Looking at Brown's offensive profile this season, Bruno does not stand out as an offensive juggernaut in many metrics: The team's adjusted offensive efficiency ranking is right around the middle of the nation and the team is shooting -- on a raw basis -- 29.83 percent, a mark that ranks 20th nationally (the team's raw offensive shots on goal shooting rate is much stronger at 52.88 percent, a value that ranks 11th nationally). This isn't a classic offense wherein a team makes the numbers on the scoreboard change through a surgeon's precision. Rather, Brown is using the power of volume to erase its offensive efficiency issues. The following table helps illustrate that fact:
METRIC | VALUE | NT'L RANK |
Estimated Pace | 83.88 | 1 |
Estimated Offensive Opportunities per 60 Minutes | 45.17 | 1 |
Estimated Offensive Opportunities per 60 Minutes Margin | +6.47 | 3 |
Estimated Functional Offensive Opportunities per 60 Minutes | 42.09 | 1 |
Estimated Functional Opportunities Margin Ratio | 93.17% | 20 |
Estimated Lost Functional Opportunities Ratio | 34.52% | 15 |
Estimated Lost Functional Opportunities Margin Ratio | +8.09% | 10 |
No team in the country plays more offensive opportunities per 60 minutes on an estimated basis than Bruno. None. To provide context to this, Brown plays almost as many offensive possessions per 60 minutes on an estimated basis (45.17) as the slowest team in the nation -- Monmouth -- plays total offensive and defensive possessions per 60 minutes of play (53.10). Basically, Bruno is using a nuclear bomb to heat up its pizza rolls.
That volume has paid dividends for the Bears. If Brown was playing around 32 offensive opportunities per 60 minutes -- the estimated national average -- the Bears would only be putting about 11 goals per game on the board. That's about a five-goal difference per game based on a decrease of around 13 offensive opportunities per contest. Offensive production for Brown ties heavily to the team's ability to generate a buttload of offensive opportunities in a game in order to freak out the scoreboard the way the team has in 2015. Possessions matter in different ways for different teams, and Bruno's desire to create an insane number of offensive opportunities has masked the team's relative offensive inefficiency and permitted circumstances conducive to elevated goal output through heavy offensive opportunity quantities.

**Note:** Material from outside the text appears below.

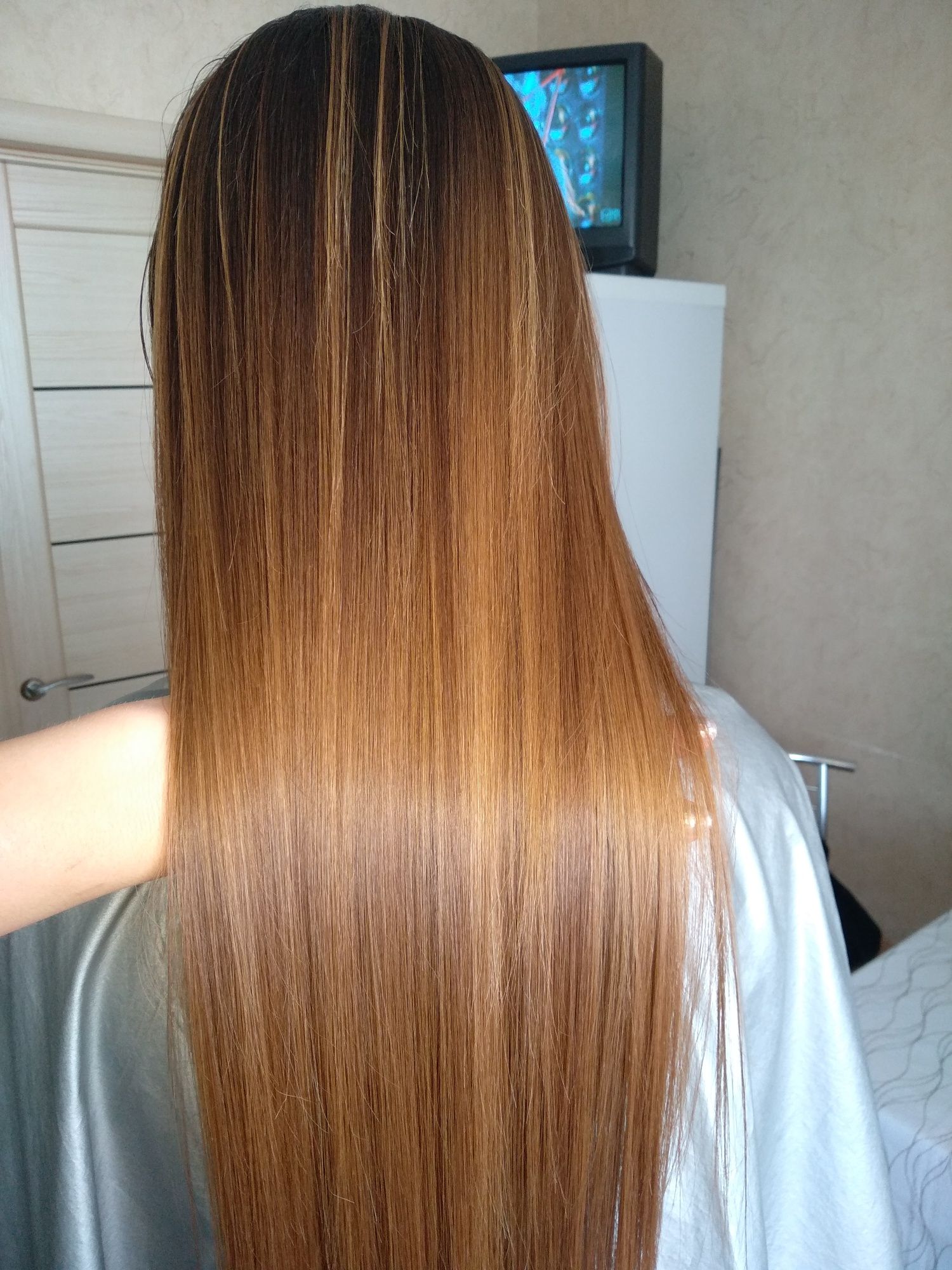 Кератиновое выпрямление волос составом Brazilian Blowout Жк София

This creates lots of questions: What happens to Brown when teams attempt to possession-starve the Bears? What happens to Bruno when opponents fervently attempt to deflate tempo? What happens to Brown when the Bears face elite defenses that are capable of taking advantage of Bruno's non-elite efficiency? What happens to Brown if the Bears get sloppy with the bean and its ratio of lost functional offensive opportunities weakens? What happens to Bruno if the team is unable to dominate possession margin, thereby shrinking the team's ability to inflate its offensive opportunities? These are questions that opposing defensive coordinators will face and attempt to address as the season unfolds, but for the moment, Brown's system built around "GO!" has merited the team the kind of possessions it needs to dump buckets of beans in the net and outpace its opponents.